A compute queue is obtained to queue the command buffers containing the compute work. In this case, we will pick the compute queue from the same queue family used to pick the graphics queue, as the Vulkan specification indicates that there must be at least one queue family supporting both graphic and compute operations. Observing the complete code available in the official repository, you’ll notice that, unlike the samples examined in the previous tutorials, this time the method CreateDevice is invoked using the combination (VK_QUEUE_GRAPHICS_BIT | VK_QUEUE_COMPUTE_BIT) as an argument to select a queue family capable of supporting both operation types.

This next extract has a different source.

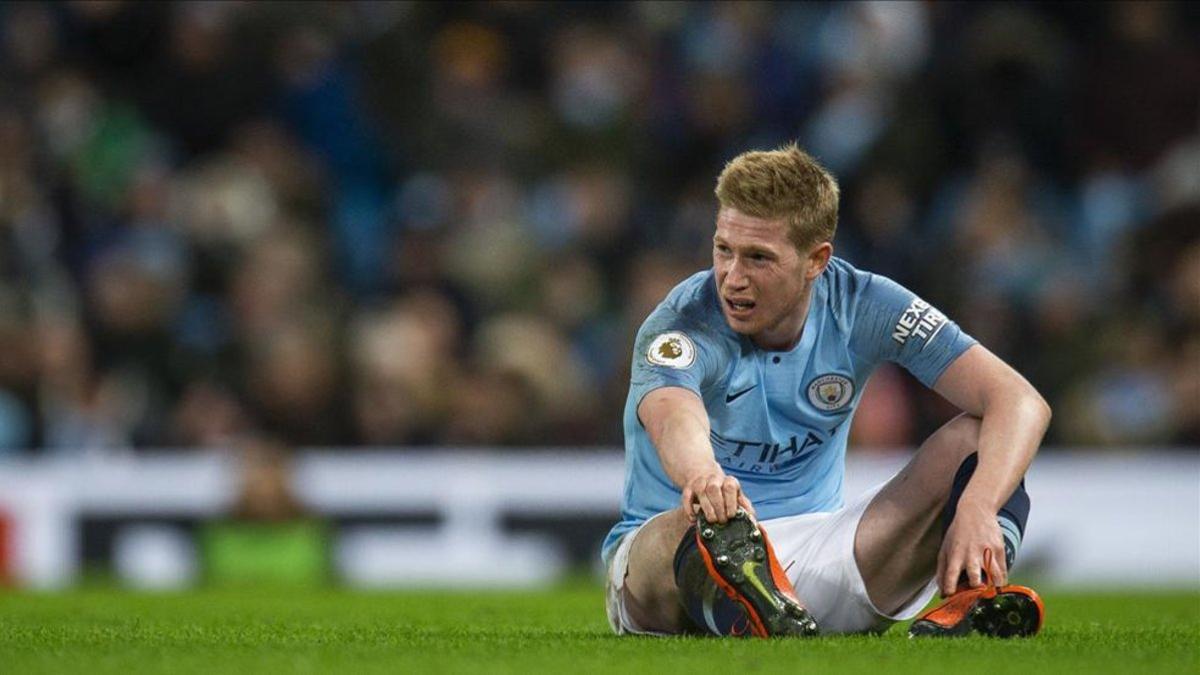 De Bruyne no solo saldrá perjudicado en lo deportivo sino también en lo financiero. No ingresará entre 1,1 y 1,7 millones por sus lesiones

Next, descriptor sets and pipeline layouts are created to describe the resources accessed by the compute shader through the descriptors declared in the GLSL code. Additionally, descriptor sets are created to hold these descriptors. In this case, the descriptors used are two storage images to describe the input and output textures. A descriptor combining an image and sampler isn’t used here because there is no need to sample or filter textures from the compute shader. Using built-in variables like gl_GlobalInvocationID allows to retrieve the integer coordinates of the texels.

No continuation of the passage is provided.